De Angoulème duivin won als jonge duif in 1970 de eerste provinciaal uit Angoulème met 40 minuten vooruit .
Zij kwam uit een zoon van DE DIKKE WINSTON van Romain Haelterman uit  Voorde en haar moeder was de nestzus van het WITSLAG VAN 61.

En met een “ lang gat “ zoals ze dat bij ons zeggen , kreeg ik ze mee .

Het was mijn bedoeling om later , op het gepaste moment , het Witslag van 61 met zijn 14 palmen, haar grootvader , eveneens aan de haak te slaan om ze tegen elkaar te koppelen !

Iets uit de briefwisseling met Romain Haelterman was mij bij gebleven . Op een bepaald moment zou hij al zijn top-duiven tegen hun kleinkinderen zetten . “ Zo kweek je de beste vliegers en KWEKERS om mee voort te doen “ schreef hij overtuigd en …. HIJ HAD GELIJK !

En nu vrienden , kom ik tot de kern van de zaak . Op het eind van de sixties en het begin van de jaren 70 hadden wij de beste in de streek .

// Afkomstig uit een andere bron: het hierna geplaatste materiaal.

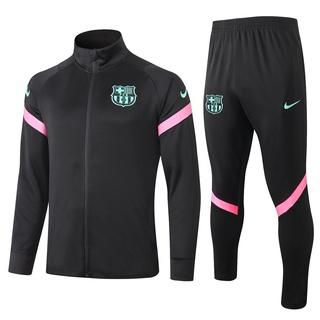 2021 fc barcelona hombres negro ropa deportiva traje de entrenamiento jersey chaqueta traje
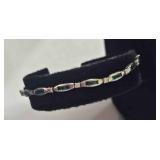 14K White Gold Bracelet w/Emeralds 8"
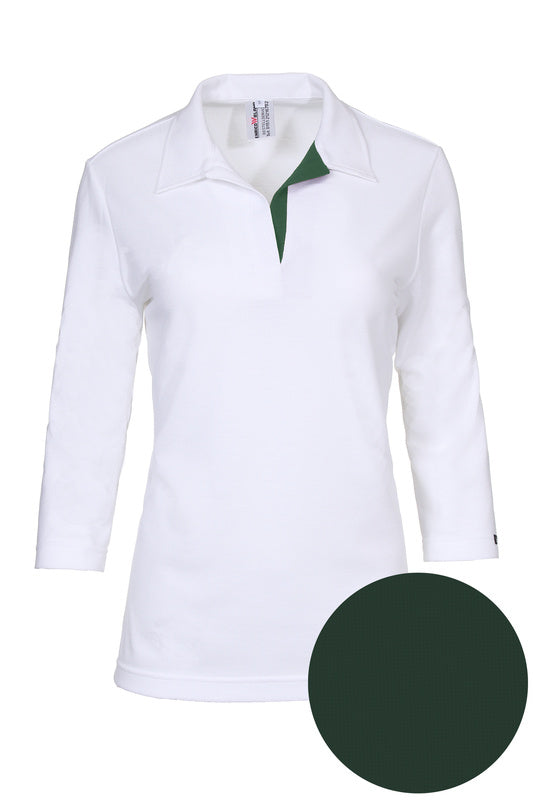 Damen Poloshirt Pina_White Edition 3/4 Arm, Weiß mit Grün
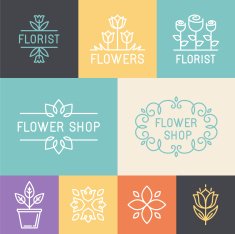 Vector floral and gardening logos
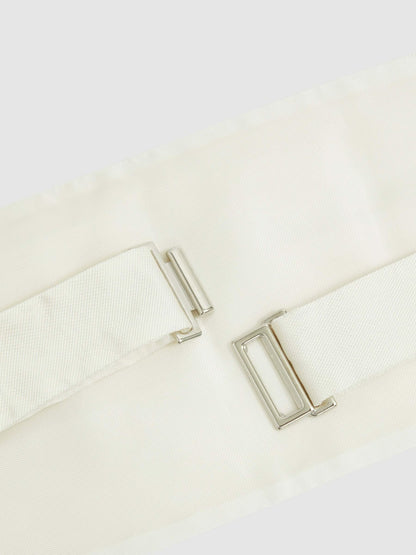 Reiss Savings - Silk Cummerbund in Ivory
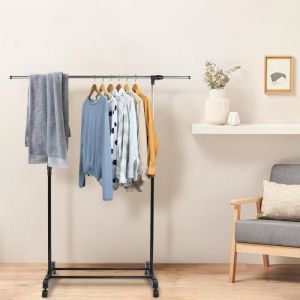 Porte-manteaux - MENGDA - Extensible 90-158 cm - M&eacute;tal Noir - 4 Roulettes Pivotantes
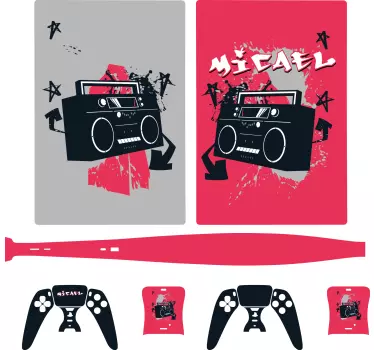 Retro Music Vibes PS5 skin - TenStickers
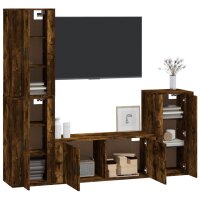 vidaXL 4-tlg. TV-Schrank-Set R&auml;uchereiche Holzwerkstoff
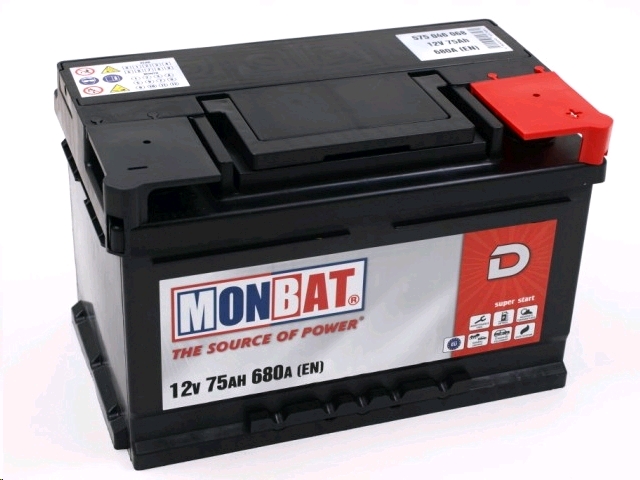 Автомобильный аккумулятор MONBAT 77 А/Ч, обратная полярность
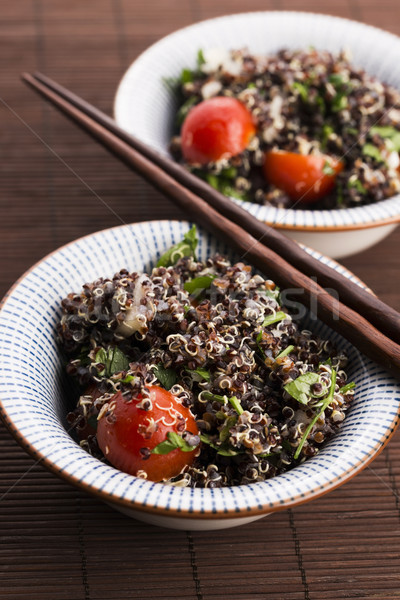 Tabbouleh Quinoa with tomatoes, onion, mint, parsley and lemon Stock photo © joannawnuk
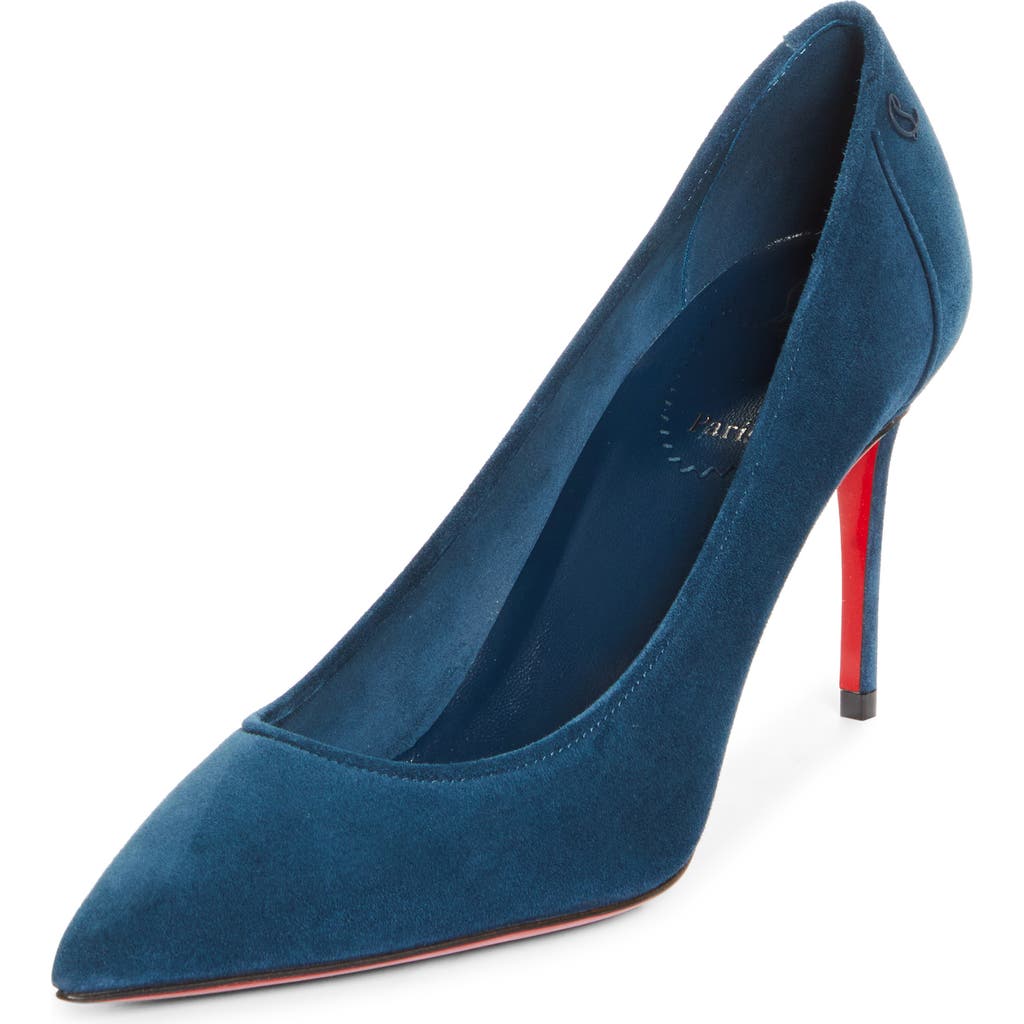 Christian Louboutin Kate Suede Red Sole Classic Pumps In Blue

Wij hadden topmateriaal in huis en we zaten zo maar wat aan te klungelen , op kweekgebied althans . Ik moest TOEN AL het WITSLAG van 61 ( Wat een duif , godverdomme . Ik zie hem nog komen van de vlucht . Ge moest uwe kop intrekken !! ) achtereenvolgens gekoppeld hebben tegen zijn zuster , die moeder was van “ de schurk van 65 “ en tegen zijn kleindochter , de Angoulème duivin die in 1970 , gans de provinciale elite op 40 minuten achterstand vloog .

Had ik dat TOEN gedaan , we hadden er nu nog van !! Zeker weten !

Maar helaas … toen ik in de zomer van 73 vader eens kwam polsen over het Witslag zei hij mij , met tranen in zijn stem : “ Hij is ziek geworden , jongen , en graatmager en ‘k heb hem moeten dood doen ..”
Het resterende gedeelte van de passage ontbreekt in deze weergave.